The output of assembly is a file build/transform/assem.txt that looks like this (at time of writing):

== COS_License ==
#   Author: 
...

== COS_Intro ==
# MATH introduce numbers (in unary notation)
# Here we count up from zero, go through some primes, etc. There is some
# syntax around the numbers, but that doesn't need to be understood at
# this point. We give numbers in a tweaked unary format, rather than the
# encoding used in the main body of the message.
intro is:int;
is:int | unary 0;
is:int | unary 1 0;
is:int | unary 1 1 0;
is:int | unary 1 1 1 0;
is:int | unary 1 1 1 1 0;
is:int | unary 1 1 1 1 1 0;
is:int | unary 1 1 1 1 1 1 0;
is:int | unary 1 1 1 1 1 1 1 0;
is:int | unary 1 1 1 1 1 1 1 1 0;
is:int | unary 1 1 1 1 1 1 1 1 1 0;
is:int | unary 1 1 1 1 1 1 1 1 1 1 0;
is:int | unary 1 1 1 1 1 1 1 1 1 1 1 0;
is:int | unary 1 1 1 1 1 1 1 1 1 1 1 1 0;
is:int | unary 1 1 1 1 1 1 1 1 1 1 1 1 1 0;
is:int | unary 1 1 1 1 1 1 1 1 1 1 1 1 1 1 0;
is:int | unary 1 1 1 1 1 1 1 1 1 1 1 1 1 1 1 0;
intro is:square;
is:square | unary 0;
is:square | unary 1 0;
is:square | unary 1 1 1 1 0;
is:square | unary 1 1 1 1 1 1 1 1 1 0;
...
  • Lines of the form == section name == mark the beginning of sections. The notion of sections is meta-information not intended for inclusion in the message itself.
  • Lines that begin with # are comments, for use during development, and not intended for inclusion in the message itself.
  • Lines ending with a ; are textual versions of material intended for inclusion in the message. The actual way the line is encoded in the message is handled via a later compilation process.
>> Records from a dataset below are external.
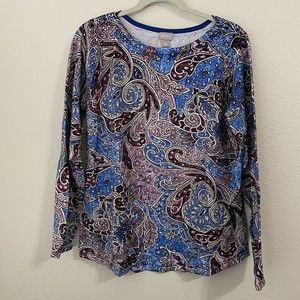 Chico's Womens Shirt Top Size Large Paisley Blue Pink Pullover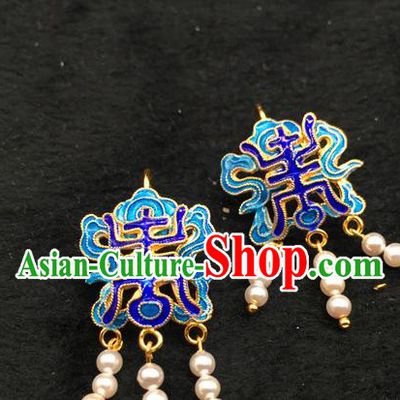Handmade Traditional Court Pearls Tassel Earrings Jewelry Chinese Ancient Qing Dynasty Queen Enamel Ear Accessories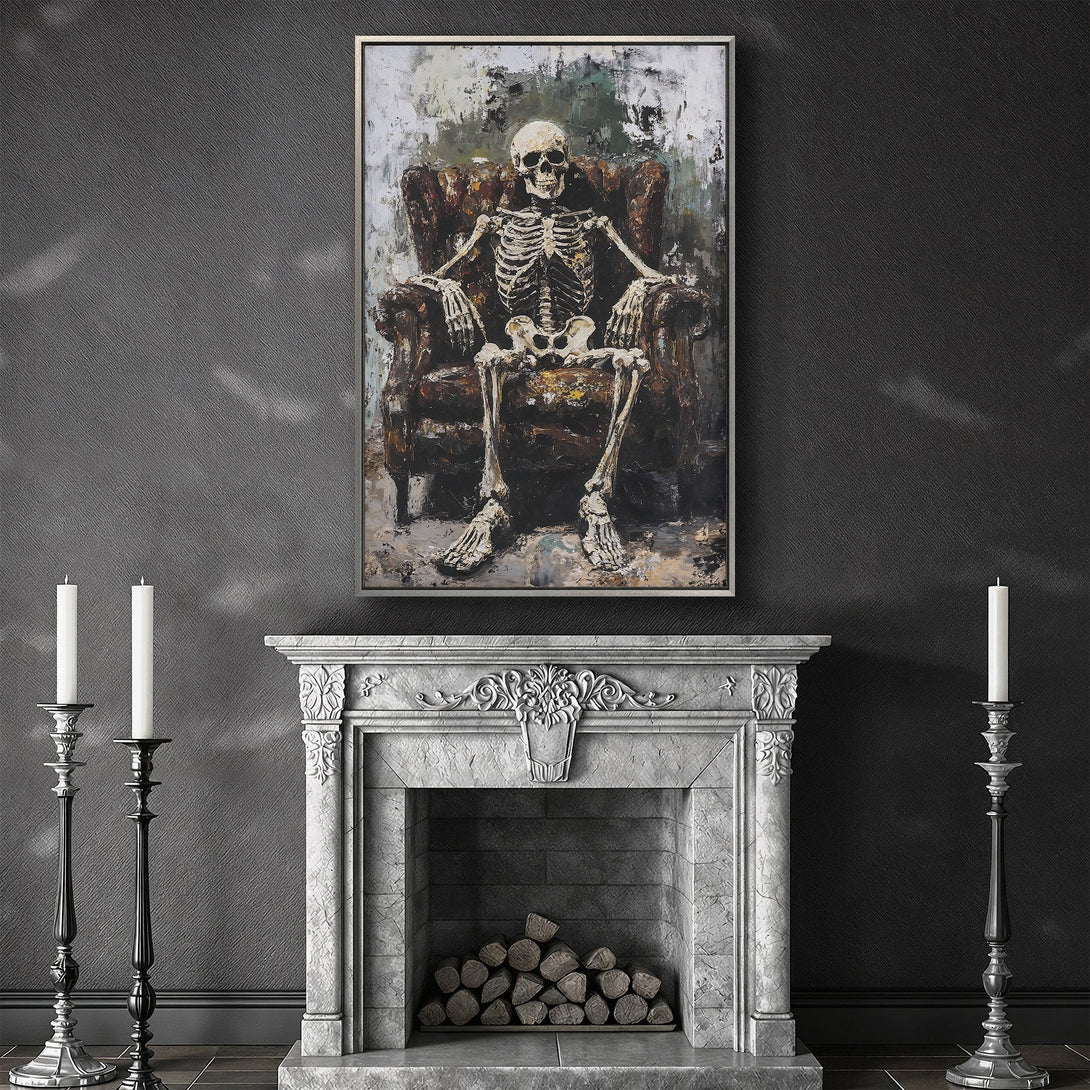 Framed Wall Art featuring a skeleton in a chair, painted in a dark, moody style with a brown and grey color palette. Perfect for adding a unique touch.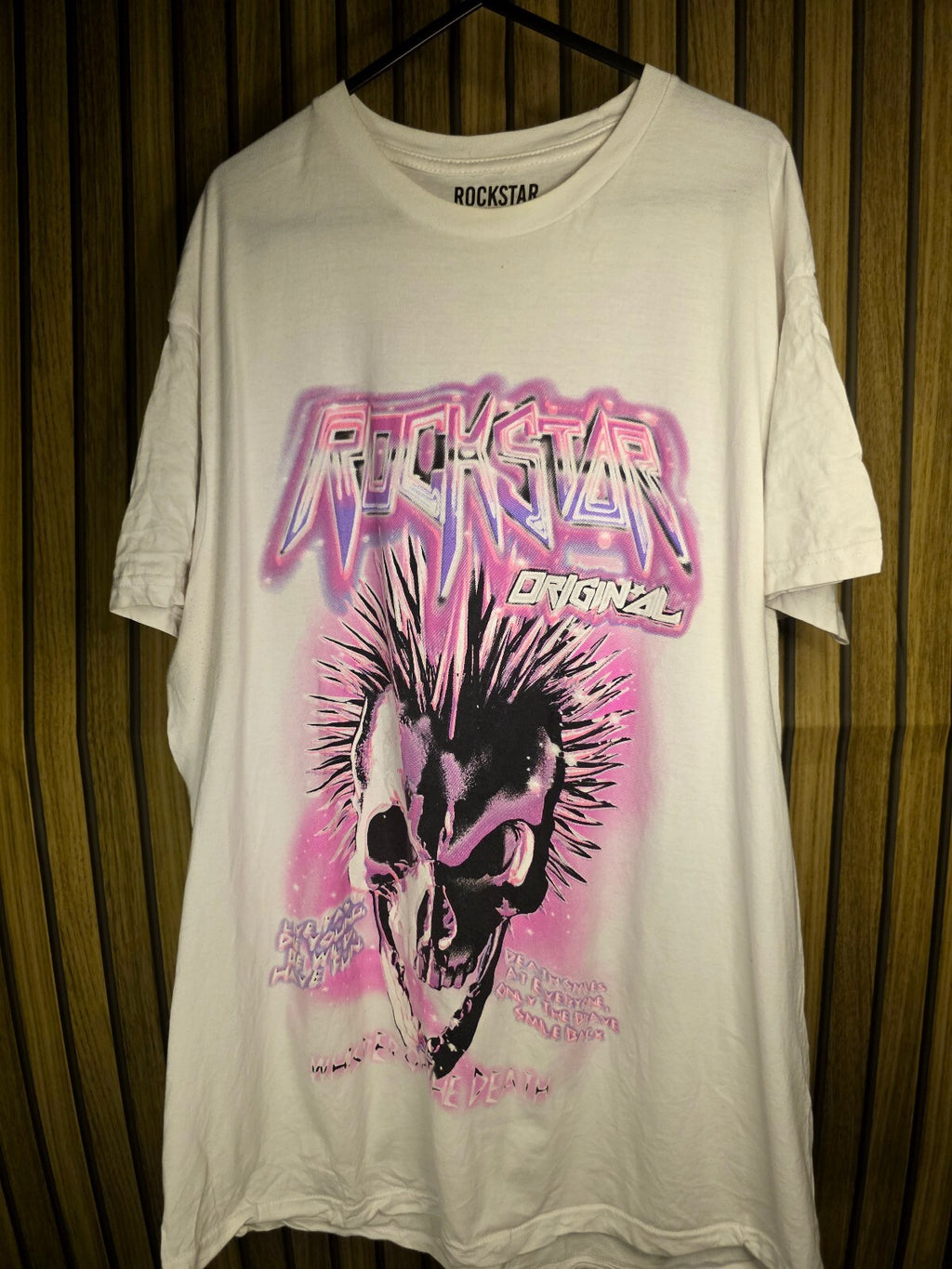 Rockstar Original T-Shirt Punk Skull Graphic White Size L BS2446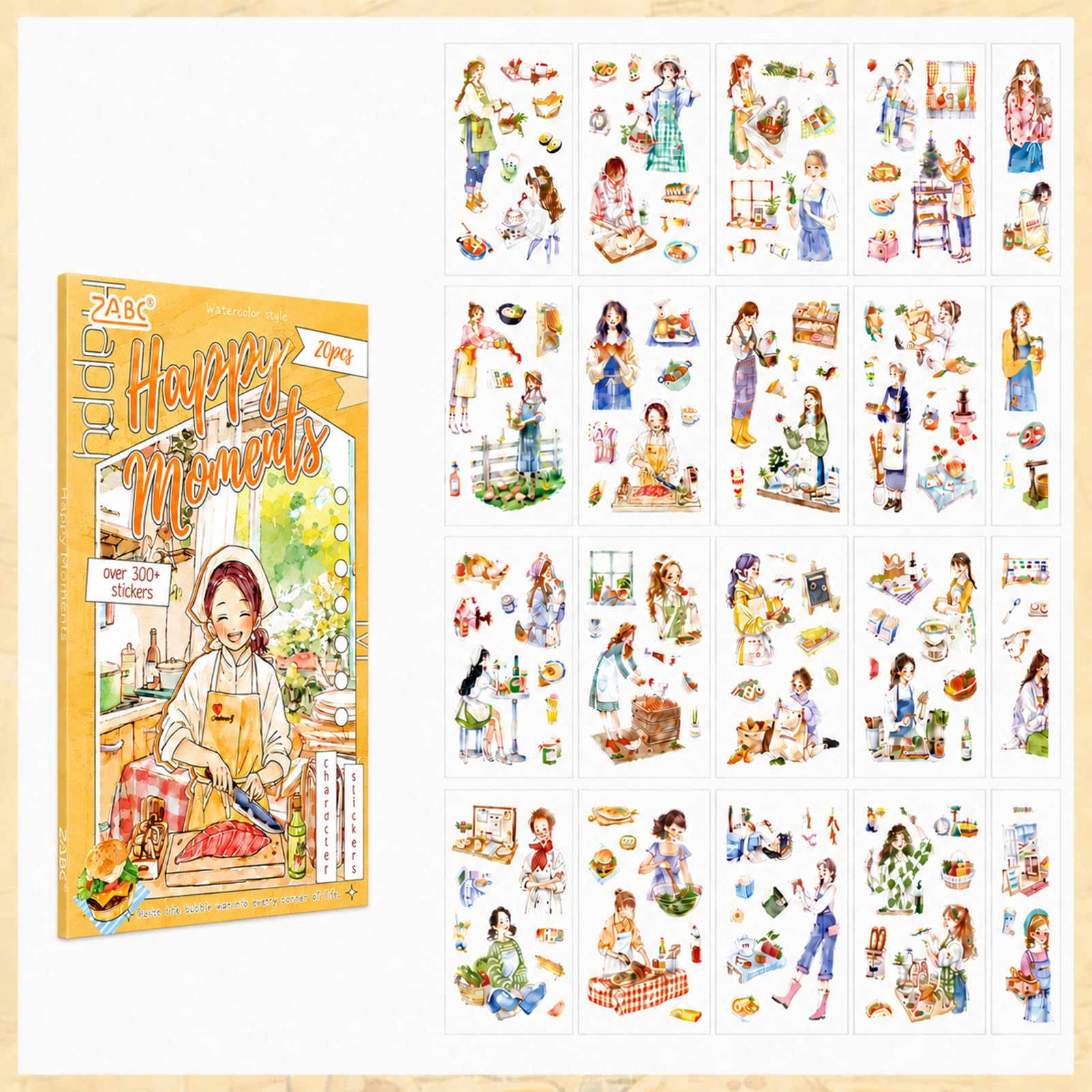 Crafting Life Kitchen & Cooking Scenes Scrapbooking Sticker Book with 100 Unique Watercolour Designs - Waterproof PET Vinyl Stickers for Water Bottles, Laptops, Journals & Skateboards,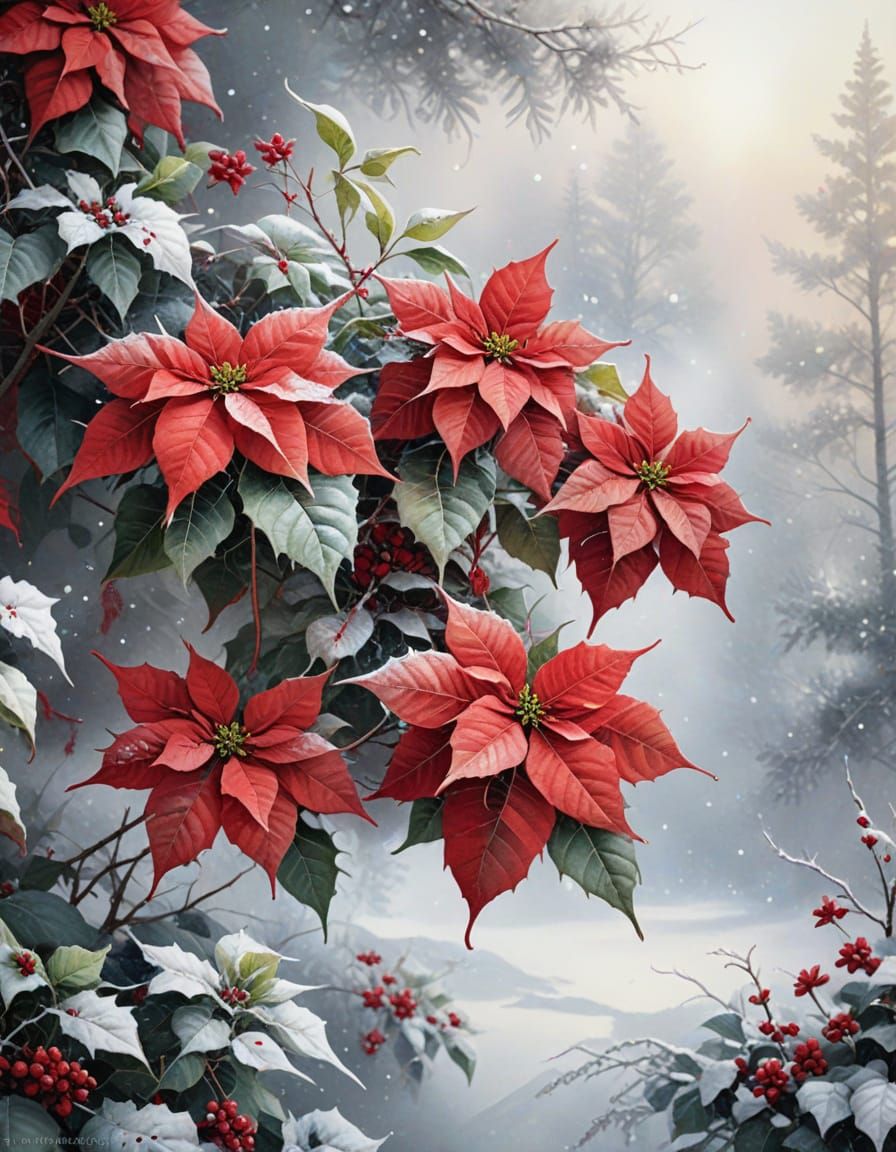 Ethereal Red Poinsettias in Snow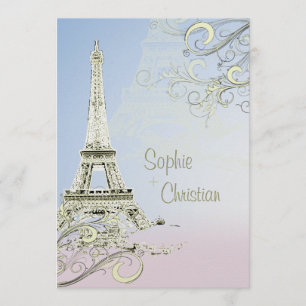 Eiffel Tower + swirls  Wedding Invitations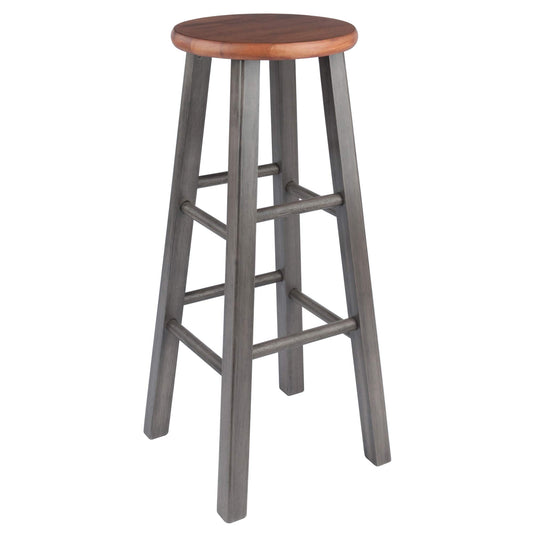 STOOL_SEATING | CasaFoyer  Wood Ivy Bar Stool | Rustic Teak & Gray | Farmhouse Charm | Solid Wood | High & Low Crossbars | 220lbs Capacity | No Assembly | casafoyer.myshopify.com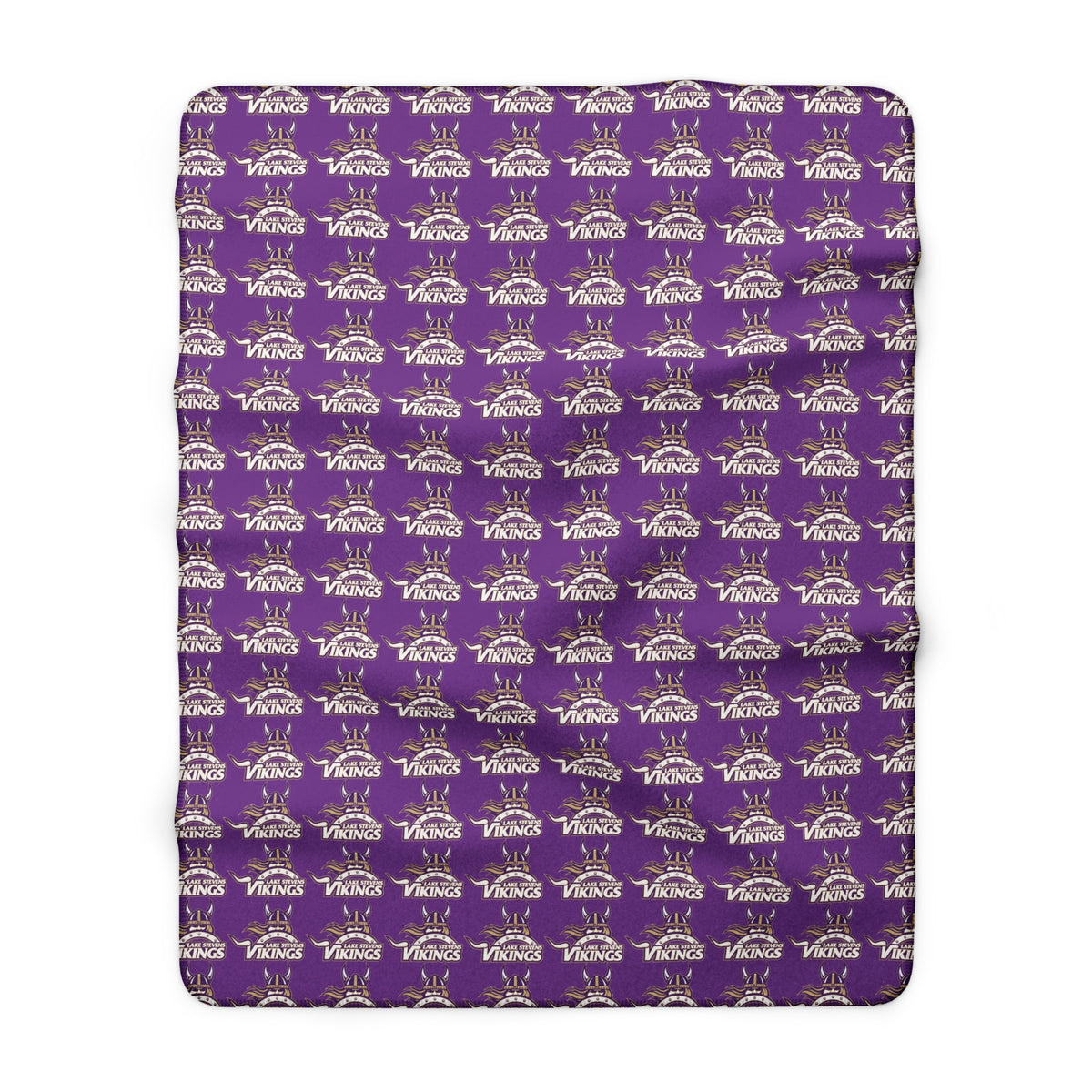 Lake Stevens Sherpa Fleece Blanket — Purple Vikings Repeat Logo Cozy Throw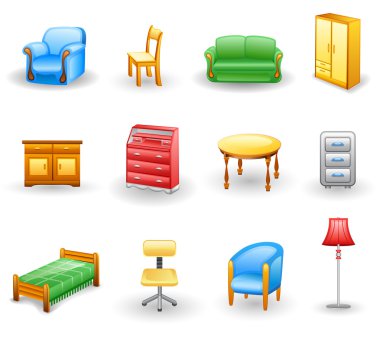 Furniture icon set clipart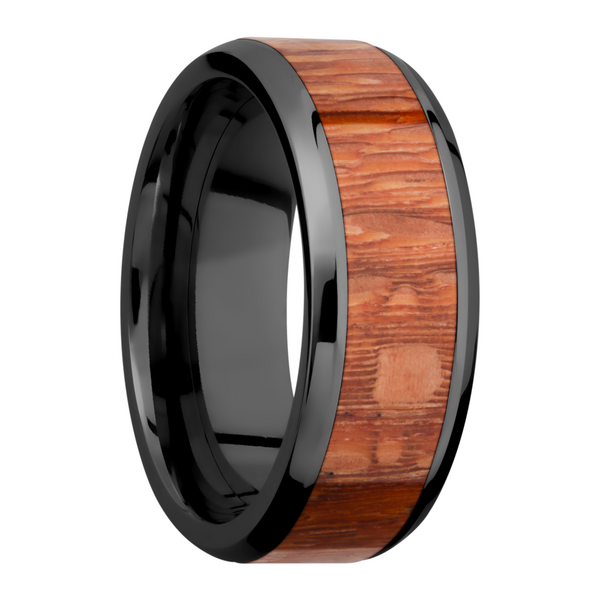 Zirconium 8mm beveled band with an inlay of Leopard hardwood Image 2 Cozzi Jewelers Newtown Square, PA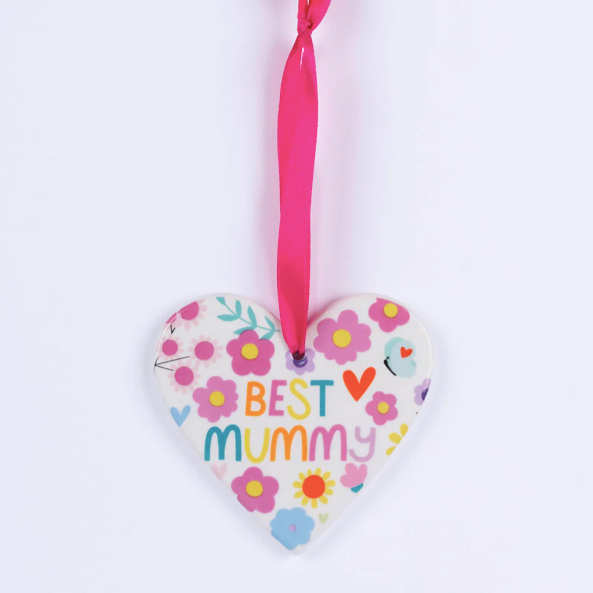 Belly Button 'Best Mummy' Hanging Heart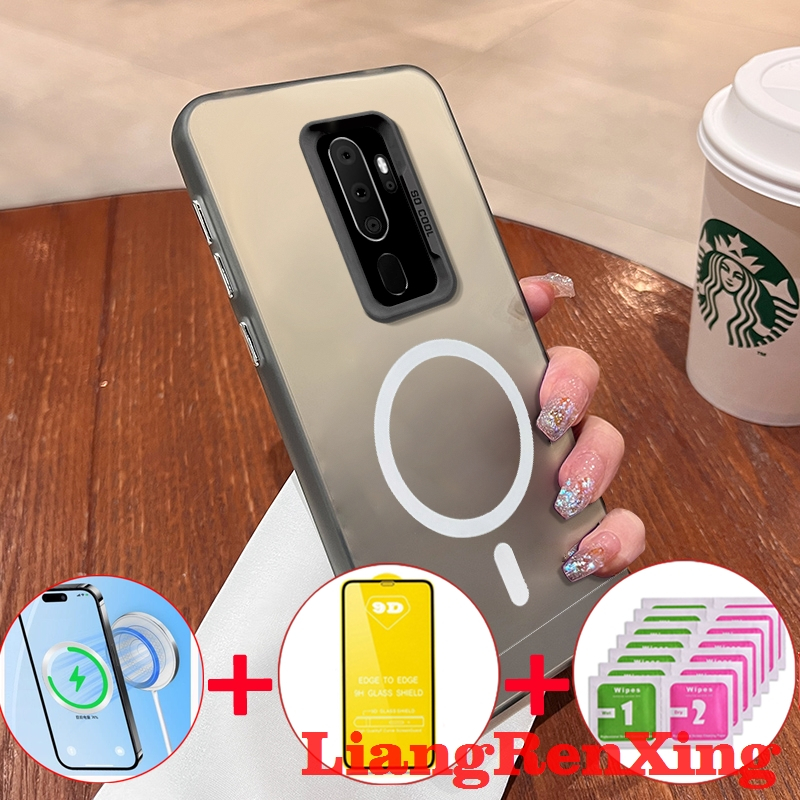 4 In 1 พร้อมกระจกนิรภัยกรณีสําหรับ oppo A5 2020 oppo a9 2020 เคสโทรศัพท์เคสแข็ง TPU กันกระแทกการออกแบบใหม่ความงามไร้สาย CYMBS01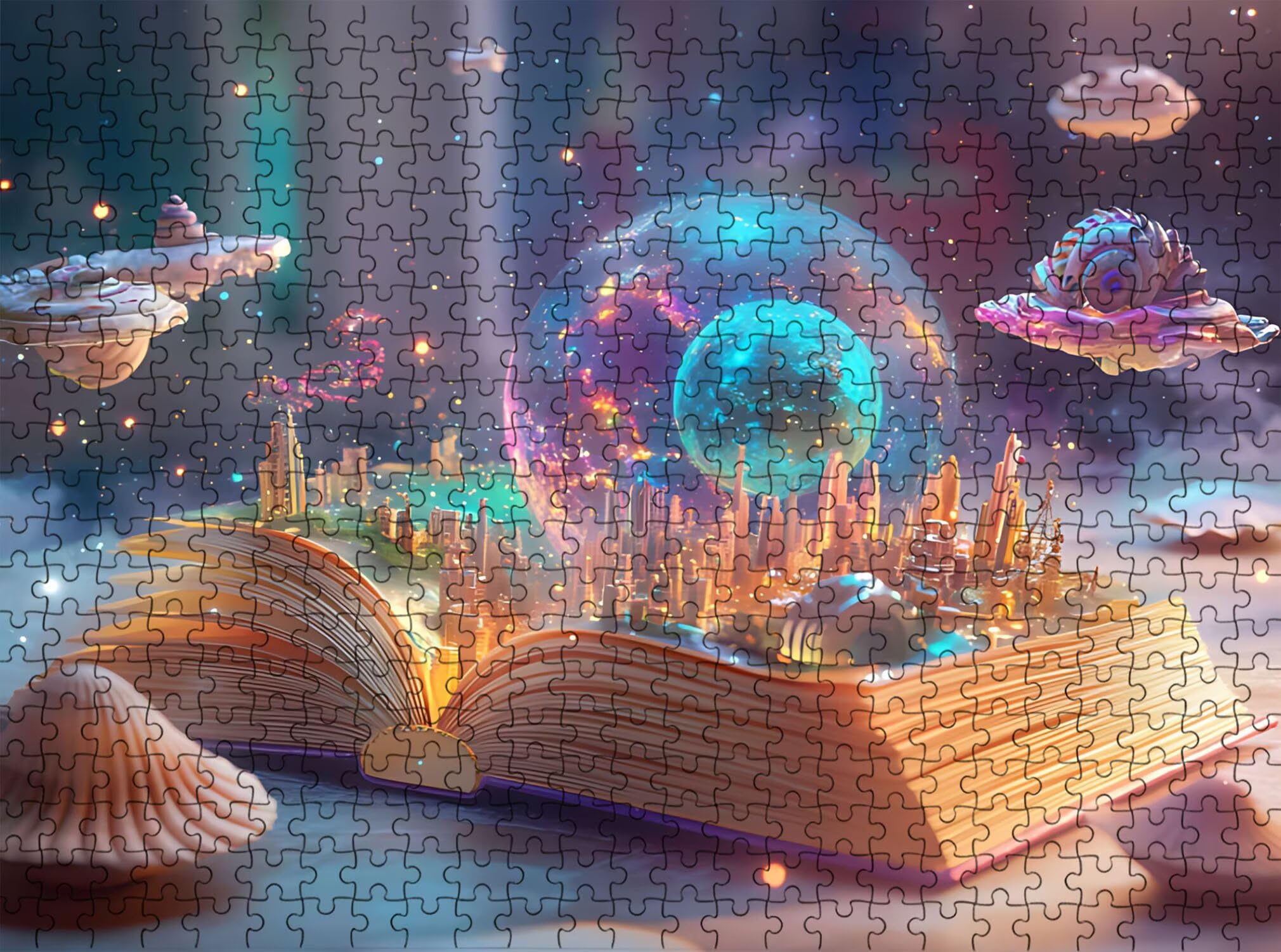 Magie Livre Puzzle 1500 Pièces pour Adultes, Format 87 x 57 cm, Challenge Casse-Tête de Famille, Loisirs Créatifs et Relaxation, Pièces Robustes avec Lettres au Dos, Décor Murale Salon f0-798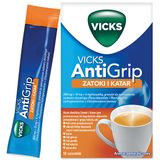 Vicks AntiGrip Zatoki i Katar 650 mg + 16 mg + 4 mg, granulat do sporządzania roztworu doustnego, 10 saszetek KRÓTKA DATA - miniaturka zdjęcia produktu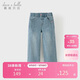 戴維貝拉（DAVE＆BELLA）兒童褲子女童牛仔褲中大童直筒褲春裝休閑長(cháng)褲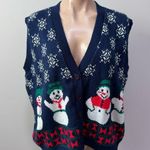 Cabin creek  Snowman Snow Flake Winter Christmas Holiday Vest Blue Large Knit Photo 0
Wrinkles of the assembled message

  • Lines of the form (....); should now have their outer parenthesis removed, becoming ....; - this was part of a reform to strip away any unnecessary nesting, but not all sections have been rewritten to reflect this. This should eventually become consistent.
  • Lines of the form demo | ....; will currently be replaced with = <val> | ....; in the actual message, where <val> is the result of evaluating the statement after demo. This feature was handy in a section or two, but isn't by any means essential, so maybe this wrinkle should get removed.

Encoding the message

The format of assem.txt evolved over time and is a bit awkward to work with. To get to a firmer starting point for processing the message, assem.txt is parsed into assem.json which looks like this:

[
...
  {
    "role": "comment",
    "lines": [
      "# note the appearance of new in the next line --",
      "# this is the only difference to previous version"
    ]
  },
  {
    "role": "code",
    "lines": [
      "define point1 (point new 1 11);"
    ]
  },
  {
    "role": "code",
    "lines": [
      "define point2 (point new 2 22);"
    ]
  },
...
]

We now have a list of elements, where each element has a clear role (currently comment, code, file meaning section, and gate). Once we have assem.json, we start enriching the code elements, saving the results in the creatively-named build/transform/assem2.json. A code section might expand to, for example:

  {
    "role": "code",
    "lines": [
      "is:int | unary 1 1 1 1 1 0;"
    ],
    "code": "210110111302321111111132132132132132132032233",
    "parse": [
      "is:int",
      [
        -1,
        "unary",
        1,
        1,
        1,
        1,
        1,
        0
      ]
    ],
    "stanza": 10
  },

The terribly named code subfield is the default encoding of the message.